I am falling to pieces. This disease is taking its toll of me. There are craters within and without; I step into the puddles one by one and drown a little more. I am no one and nothing now. Just a single needle piercing the skin of a body in crisis from itself.
- Lewin Stroke Unit, midnight.
Dear Readers,
I am sorry to have been so blithering about my blog. I have been in and out of hospital so many times this year it makes my head spin. This month I have had two more rounds of monoclonal antibodies, and to be perfectly honest the poems I have gathered around me are of a particularly ghoulish nature. I read some to Dad last week, something about the shadow and the hangman, and at the close of reading, he rested his head in his hands and emitted a low, hollow moan.
Personally, I am quite partial to these goblin spooks of verses, and I wrote three deliciously dark pieces on the Lewin Stroke Unit over the weekend. The first is above, but I have written it as prose, because today I am home, and it is very hard to concern myself with needles and craters when I am snug as a bug in a rug... home, dear home, where the flowers bloom and the hooded look in my parents' eyes have disappeared once more.
Shall I share the others? Will you moan too?

Tuesday, 6 October 2009

Almost Rabbit Stew

I am chasing the October sun, hanging on the coat-tails of his after glow. My grandmother tells me the roses are still out in Regent's Park, and they will wait for me someday, some year, to appear. But I have roses right here. Red for love. Red for blood. Life.

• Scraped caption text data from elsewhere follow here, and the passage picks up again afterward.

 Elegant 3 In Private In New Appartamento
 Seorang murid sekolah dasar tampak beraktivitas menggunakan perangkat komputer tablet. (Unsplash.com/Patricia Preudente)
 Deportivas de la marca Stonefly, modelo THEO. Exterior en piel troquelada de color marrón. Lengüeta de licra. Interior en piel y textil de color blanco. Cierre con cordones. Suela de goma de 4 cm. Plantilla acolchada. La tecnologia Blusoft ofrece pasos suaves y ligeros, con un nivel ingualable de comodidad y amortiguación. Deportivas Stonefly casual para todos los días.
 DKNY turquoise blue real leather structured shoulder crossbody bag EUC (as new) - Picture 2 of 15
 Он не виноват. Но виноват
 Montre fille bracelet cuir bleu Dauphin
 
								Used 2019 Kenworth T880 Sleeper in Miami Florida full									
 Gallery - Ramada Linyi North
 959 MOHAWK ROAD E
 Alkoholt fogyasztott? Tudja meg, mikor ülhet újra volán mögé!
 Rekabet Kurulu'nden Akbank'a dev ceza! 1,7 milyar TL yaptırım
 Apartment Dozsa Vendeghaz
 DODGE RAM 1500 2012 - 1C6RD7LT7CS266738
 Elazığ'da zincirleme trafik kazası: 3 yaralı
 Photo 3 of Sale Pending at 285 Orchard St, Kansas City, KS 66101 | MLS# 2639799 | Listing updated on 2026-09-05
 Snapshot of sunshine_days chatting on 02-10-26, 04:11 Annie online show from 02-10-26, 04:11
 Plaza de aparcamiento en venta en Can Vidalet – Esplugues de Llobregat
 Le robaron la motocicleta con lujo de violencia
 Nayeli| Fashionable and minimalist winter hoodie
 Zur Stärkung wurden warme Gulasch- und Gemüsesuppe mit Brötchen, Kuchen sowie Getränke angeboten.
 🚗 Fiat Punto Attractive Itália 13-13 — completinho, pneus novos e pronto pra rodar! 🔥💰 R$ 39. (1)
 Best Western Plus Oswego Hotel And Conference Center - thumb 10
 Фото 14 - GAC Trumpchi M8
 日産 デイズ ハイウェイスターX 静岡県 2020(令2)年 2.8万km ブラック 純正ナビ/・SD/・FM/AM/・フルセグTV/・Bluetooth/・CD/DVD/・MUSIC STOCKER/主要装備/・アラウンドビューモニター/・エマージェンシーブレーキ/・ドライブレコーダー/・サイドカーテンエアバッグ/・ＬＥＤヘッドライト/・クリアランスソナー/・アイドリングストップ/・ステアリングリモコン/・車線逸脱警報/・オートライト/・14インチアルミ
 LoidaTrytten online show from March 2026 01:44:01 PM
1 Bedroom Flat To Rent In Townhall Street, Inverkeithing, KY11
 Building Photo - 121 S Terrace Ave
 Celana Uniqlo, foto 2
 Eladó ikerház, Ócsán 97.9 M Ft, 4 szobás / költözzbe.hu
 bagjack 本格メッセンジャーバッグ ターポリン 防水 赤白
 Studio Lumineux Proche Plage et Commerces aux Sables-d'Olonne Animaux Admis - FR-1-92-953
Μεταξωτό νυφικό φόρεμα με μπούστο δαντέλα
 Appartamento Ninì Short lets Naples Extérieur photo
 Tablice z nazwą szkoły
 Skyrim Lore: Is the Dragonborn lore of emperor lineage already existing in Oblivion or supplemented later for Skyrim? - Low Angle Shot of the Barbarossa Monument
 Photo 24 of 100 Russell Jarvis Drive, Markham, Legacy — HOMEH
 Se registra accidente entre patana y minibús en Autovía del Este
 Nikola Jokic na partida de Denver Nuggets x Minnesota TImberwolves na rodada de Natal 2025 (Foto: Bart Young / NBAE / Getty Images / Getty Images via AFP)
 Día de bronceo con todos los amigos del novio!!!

Yesterday I was watching a rabbit contemplate an apple. I turned to make my cup of tea, musing on the sweet predictability of it all. When I turned round, hot tea at my lips, a stripey cat was poaching my rabbit! Where had it come from? The rabbit was nowhere to be seen. Orange fur gleaming, haunches silky and sinister, jaws twitching at the lost rabbit stew. Well alright, I couldn't see the jaws twitching, but still...

I am observing Life, concentrating on the sweet happy apples of my days, but the watching cat is at my back - and I have no way of knowing how long he will stay.